I know a lot of people are waiting until Grant Morrison's epic Seven Soldiers is completed before passing comment, but I just got the opportunity to read the first four mini-series in one go, so I thought I'd venture a few thoughts.

First off one has to acknowledge that it's an ambitiously mad epic experience. Kudos to Grant for even attempting it. I can't think of anyone this side of Alan Moore who would even try to do something like this. It also makes me think of Kirby's Fourth World. That's the only other time I can think of where a single writer produced several monthly comics with distinctive individual flavours to tell stories that were part of a larger experience.

Which is not to say individual titles or stories are not without faults.
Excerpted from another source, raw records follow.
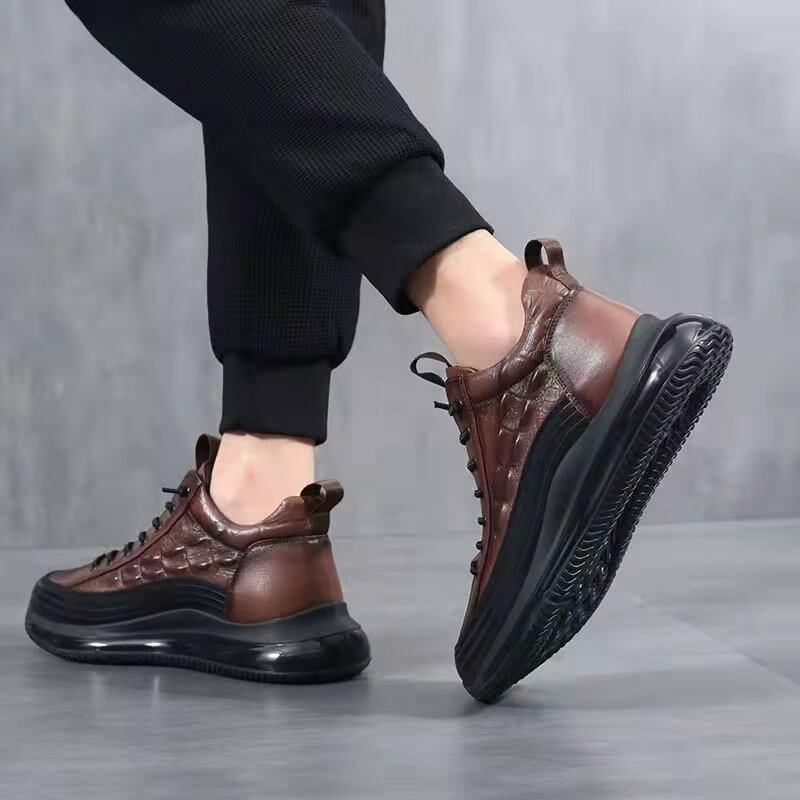 COWHIDE CROCODILE PRINT NON-SLIP SNEAKERS
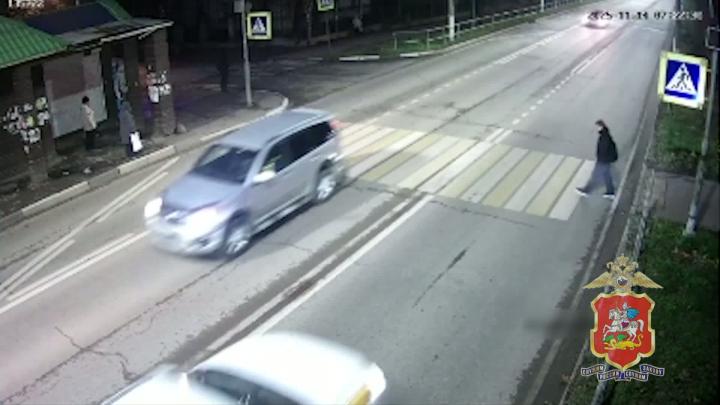 Сегодня утром в Москве и Подмосковье на рассвете было красивейшее фиолетовое небо, но после неудачной попытки пересечения проезжей части подростку из Чехова было не до него

Молодой человек госпитализирован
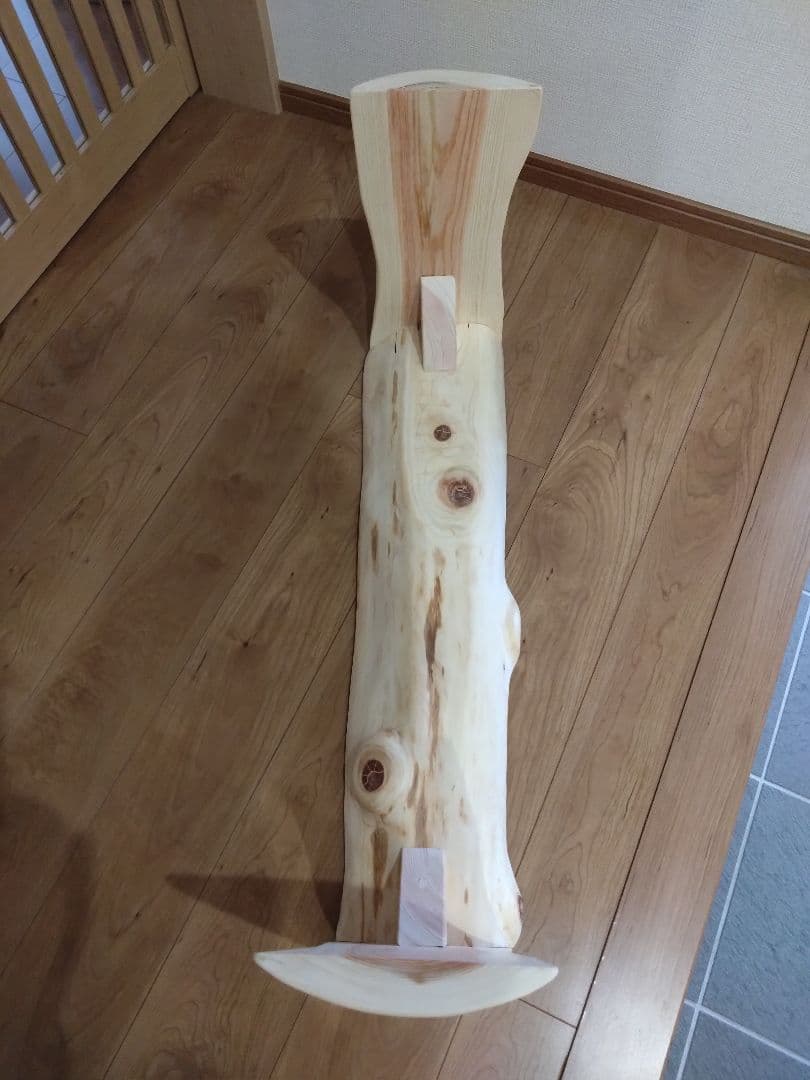 檜のベンチ52　丸太風で座りやすく、総檜造り、リビングや食卓にいかがでしょうか❕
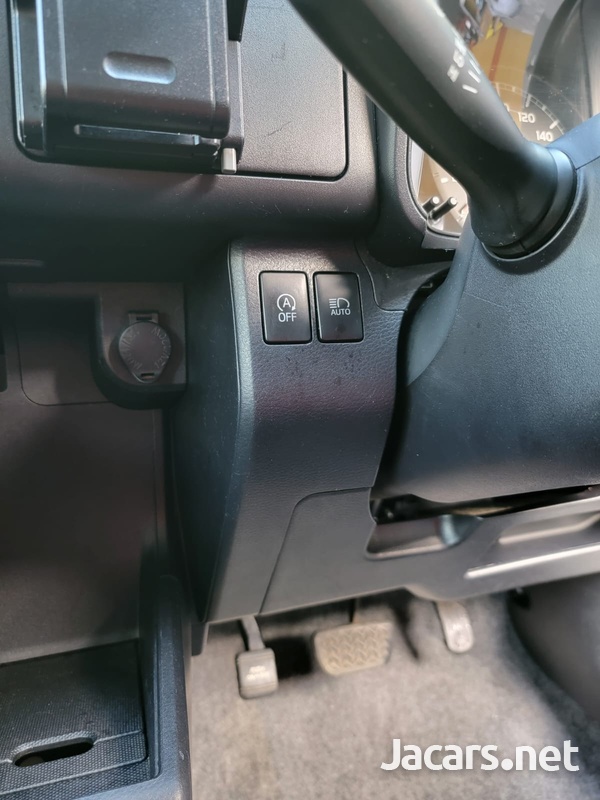 Toyota Probox 1,5L 2017-3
There are times in almost all the titles where the Metaphysical bullshit detector veers dangerously into the red, but what really struck me was that most of the titles feel a bit cramped. In Manhattan Guardian the first three issues are about the Guardian's relationship with his girlfriend and family, then they are suddenly dropped and we're in major flashback city with very little set up. In Klarion our hero spends several issues escaping to the world above and then you blink and he's already established as part of a gang. I haven't read up on the background to the production but I have this sneaking suspicion that maybe the original plan was to do seven miniseries of seven issues each, and as part of some compromise with editorial it was reduced to four.

Things I liked: Each of the different series was actually different. While strands of meta-plot wandered from one to the other the stories themselves were quite individual.

Things I didn't like so much: The apparent compression of storylines, the metaphysical BS, and what the hell was the point of revealing that the Shining Knight was female five pages before the end of the story? The only relevance it seems to have is to add some intensity to the confrontation with Lancelot because we are informed that she's always had a thing for him. Surely that would have been even more poignant if Justin had been male? Knowing that she is female doesn't make you think "oh, that bit from earlier in the story suddenly makes a lot more sense" so it has all the surprise value of pulling a sock out of a hat - you weren't expecting it but you don't really care. I can only hope that it becomes relevant later on.

7 comments:

Ragnell said...

Actually, I liked the Shining Knight reveal, because after the reveal you realize that up until now everything you'd seen had worked as well with a female character as it would have with a male character. It was also reminescent of several Knight-in-disguise, and even soldier-in-disguise stories I'd read before, which I think is what Morrison was going for.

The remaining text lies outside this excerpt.